Pero en Lacretelle, discípulo de Stendhal y de Gide, hay todavía algo más. Es un psicólogo, y con su libro analiza sus sensaciones con rara profundidad. No llega a la admiración por efusiones del alma, sino, como él dice, “por una conmoción de las ideas”. No es un sentimental, por cierto. Ama a Grecia como ella, si tuviera una voluntad, desearía ser amada: con la inteligencia y la razón. “Estas tardes de la Acrópolis, dice, ponen a la inteligencia en estado de gracia. Nada de fiebre, ninguna facilidad lírica, sino una perspectiva más audaz y más clara de la existencia humana, una especie de conocimiento mutuo de sí mismo”. Todo el libro está lleno de anotaciones psicológicas del más grande interés y profundidad.

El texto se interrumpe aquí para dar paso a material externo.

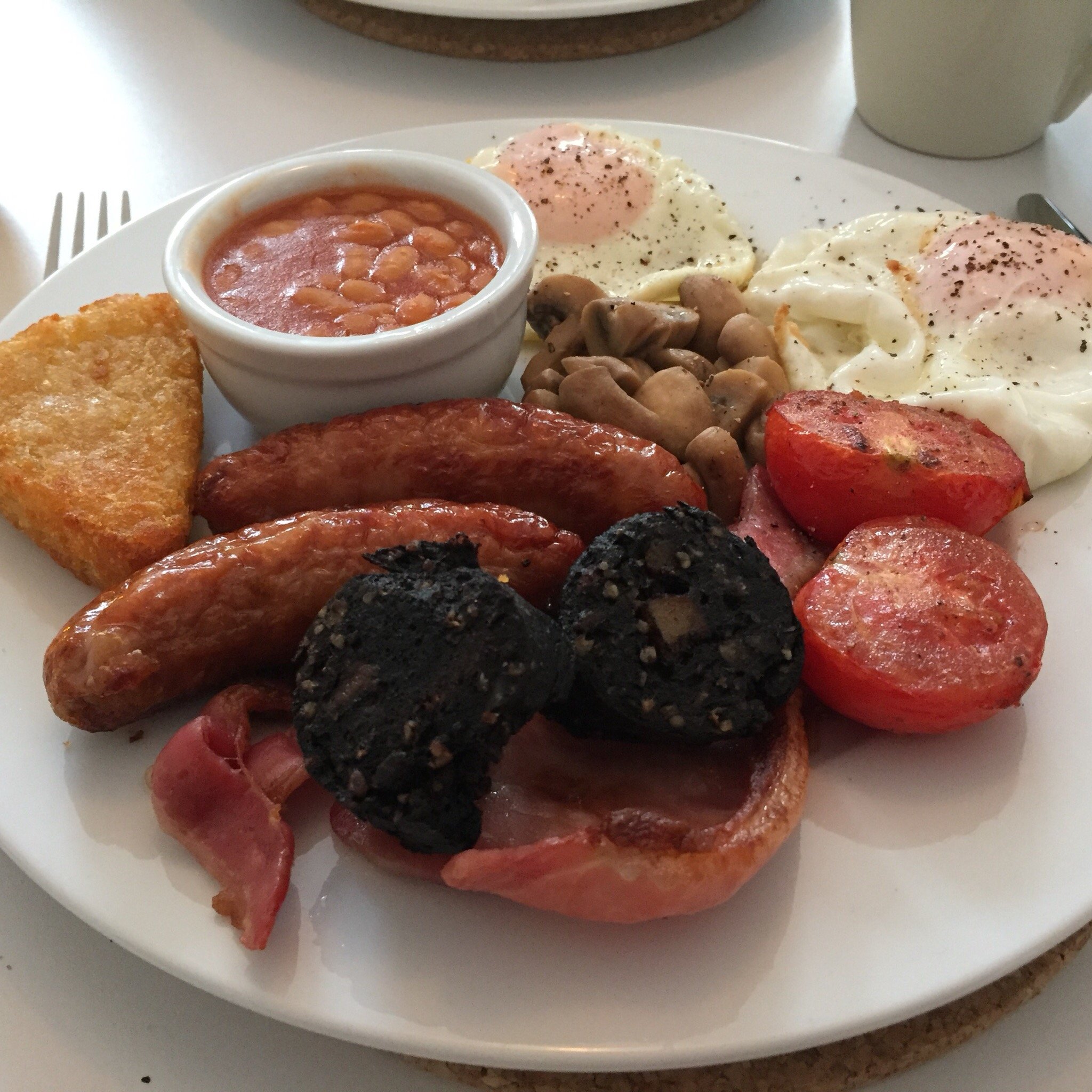 Bridge House Bed & Breakfast-餐饮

Nadie ha comprendido mejor que Lacretelle la íntima unión que existe entre el arte y el paisaje en Grecia. Luis Bertrand ha visto esa relación, pero ella no le ha sugerido tantas ideas como al autor de “Le demi-Dieu”. He aquí una, cuando habla del templo de Hera, en Olimpia: “Parece que el espíritu que concibió el edificio se hubiese literalmente alimentado del paisaje, pero no haya hecho sino reunir y transponer en seguida algunos valores naturales. Y este Heraeon, que es muy anterior a las reglas de la gran época, me muestra la idea primera de la arquitectura griega: traducir, por medio de las líneas de la geometría y por el juego de los volúmenes, toda la emoción sensible de la naturaleza”. He aquí otra idea, no menos interesante:
“... los griegos han buscado siempre unir lo bello del arte con lo bello de la naturaleza. Favorecidos por las emociones paganas, han encontrado, en su pequeña tierra admirablemente propicia, los sitios más vastos, los espacios más profundos; y es siempre allí donde los encontramos. Arte, lógica, sentimiento de la naturaleza, el templo griego lo abarca todo”. Análogas ideas están comprendidas en esta frase: “Estos momentos tan rigurosamente elaborados y medidos diríanse hechos con instrumentos que la naturaleza hubiese dejado en el suelo”. Y he aquí unas palabras más, sobre la situación de los templos: “Y es mucha verdad que el aislamiento de las cosas constituye uno de los grandes efectos de este país. El monumento, el emplazamiento legendario, se encuentran siempre en medio de una área vacía y silenciosa donde la imaginación puede circular sola”.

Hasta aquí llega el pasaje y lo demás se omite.